In the Scottish Portrait Gallery one afternoon, as a gale whipped the streets outside, I stopped at an old black-and-white photograph taken in 1908. The photographer captured three tiny children, unsmiling and dressed in newsboy tweed caps and thick overcoats, dwarfed by giant hanging cod—each weighing as much as 77 lbs., according to the caption—on the chilly Aberdeen Albert Quay. The fish were destined for Porto, Portugal, and the photograph was likely intended for display at the Portuguese importer. Elsewhere, in Edinburgh’s New Town, I peered into Dundas Street art galleries and saw dark, ethereal paintings of boats under mackerel-colored skies, watercolors of lighthouses, and depictions in oil of “herring lassies,” their fingers bound with cloots (bandages) to prevent nicks from their sharp gutting knives. It wasn’t that long ago that these lassies could be seen lugging their fish-filled baskets around Edinburgh.
Edinburgh is a fishy place, full of world-class seafood, and if I have it my way, I’ll eat it for breakfast, lunch and dinner.
Kipper—fillets of salted and smoked herring—for breakfast sates all the senses, its pungent, warm smell lingering in the kitchen until well past lunchtime. During the herring boom in the early 20th century, tens of thousands of boats were put to work in the Scottish herring industry, and the numbers grew until the First World War, when fishermen became the core of the Royal Naval Reserve.
Better though, much better, than kippers, is haddock. Specifically, Arbroath smokies, a breakfast choice that is both woody and warming.
Traditionally, Arbroath smokies were made by fishwives in Auchmithie, a small fishing village three miles north of Arbroath (a two-hour drive north of Edinburgh). To smoke them, they’d place the fish in halved whisky barrels with damp burlap sacks trapping the smoke in the barrel pit. Today, like Cornish sardines and Whitstable oysters, they have been granted Protected Geographical Indication status.
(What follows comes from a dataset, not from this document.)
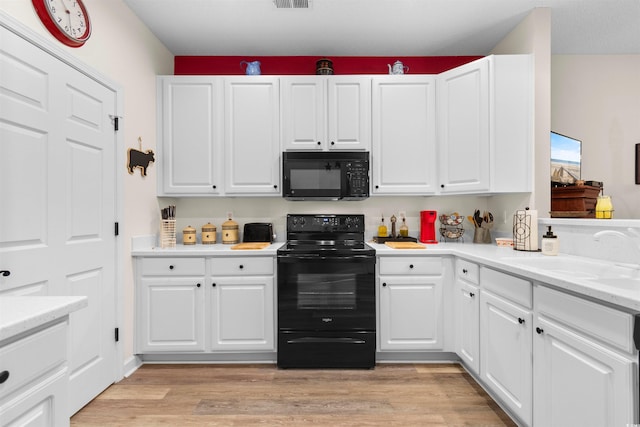 kitchen featuring sink, light hardwood / wood-style flooring, black appliances, and white cabinets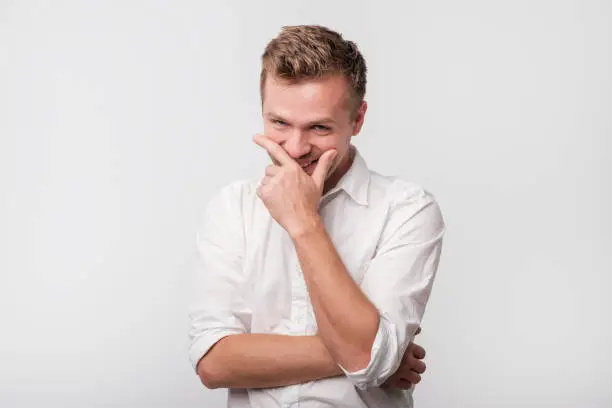 Mature man laughing and covering his mouth with hand over white background. Trying to hold a laugh not to offend some person.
You can get an Arbroath smokie for breakfast in many a London restaurant, or traditional British hotel, but I much prefer to have mine in a gastropub down in Leith—the formerly run-down maritime center of Edinburgh.
The Ship on the Shore, in Leith, is where I ate my first smokie. Billed as a “restaurant and champagne bar” but with a down-to-earth, inn-like atmosphere, The Ship on the Shore is a 30-minute stroll down Leith Walk from Edinburgh’s city center. Leith Walk is one of the most diverse streets in Scotland; it’s lined with Polish delis, Afro-Caribbean wig shops, and Chinese supermarkets selling woks, sacks of star anise, and dried shiitake mushrooms.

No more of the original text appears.